April 12, 2019 / by Open Data Portal Team / In Open Data , Data Portal

How Chicago Protects Privacy in TNP and Taxi Open Data

The City of Chicago prioritizes personal privacy in developing datasets for publication. Protecting individual privacy is a guiding tenet applied during the preparation of a dataset for public release. Specific to the Taxi and Transportation Network Provider (TNP or “ride-share”) Trips datasets, a deidentification and aggregation technique was developed and applied to reduce the risk of reidentification while allowing for beneficial public use of the data.

Taxi and TNP companies do not report identifying passenger characteristics directly to the City of Chicago. The City of Chicago does not request nor obtain a passenger’s name, date of birth, zip code, phone number, gender identification, or any other attribute related to the individual except for the location and time of both the trip start and trip end.

It has been recognized in scientific literature and news reports that even data without directly identifying attributes can be reidentified using other data sources. Specifically, data about an individual’s location at certain points in time can create a “fingerprint” that can allow for reidentification, as long as there is a separate dataset available containing parts of the fingerprint along with identifying fields. While our mission to provide data transparency is essential, protecting individual passenger privacy is also extremely important.

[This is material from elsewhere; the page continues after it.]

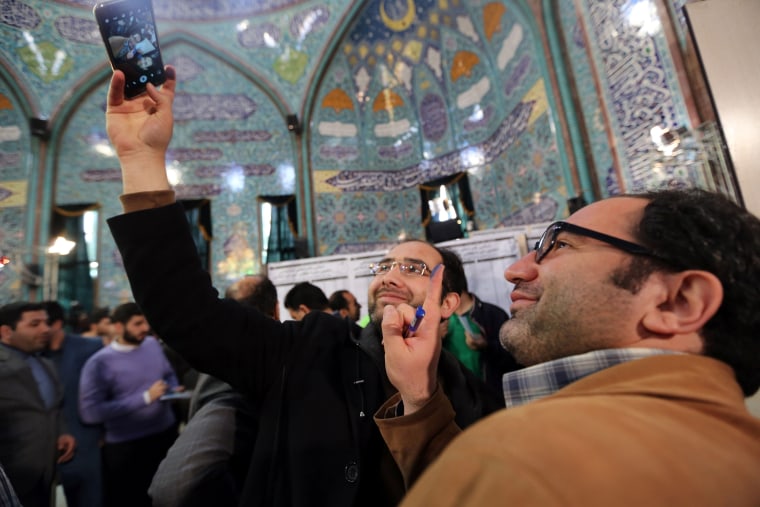 Image: Iranian voters show their ink-stained fingers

Therefore, the Taxi and TNP Trips datasets have been aggregated in a way that protects passenger personal privacy by avoiding reidentification, explained below.

  • Aggregation by time: all trips are rounded to the nearest 15-minute interval.
  • Aggregation by geographical space: latitude and longitude points are not provided; the census tract in which each trip started and ended is provided.
    • Chicago is split into approximately 800 census tracts, ranging in size from about 89,000 square feet to eight square miles.
    • As a result, for each row of the dataset, it is impossible to know the precise time and place the trip occurred beyond a 15-minute window and an 89,000 square foot area.
    • The precise location and time of a trip cannot be determined.
  • Wider-ranging aggregation by geographical space: As the dataset does provide the approximate location of a trip, another layer of protection was added to avoid linking individuals’ trip location data to their identities.
    • If the above method resulted in any aggregation having two or fewer unique trips in the same census tract and 15-minute time window, the geographical space published was widened to the Community Area level for both ends of that trip.
    • Even if one acquires separate data about a trip location and trip time along with identifying information about a passenger/rider, the presence of at least three matching trips would inhibit isolating a specific trip’s census tracts in this dataset.
    • As a result of this protection, approximately a third of census tracts that would otherwise be shown in the initial dataset are blank. (Others are blank because of missing data or falling outside Chicago.) By removing the census tract from these particular records, we limit the location information that could be reidentified by providing only the Community Area in which the trip started and ended. On average, a Community Area covers 3 square miles of the City.

The above time and location aggregation methodology has been used by the City of Chicago since 2016, the year the Taxi Trips dataset was created and published.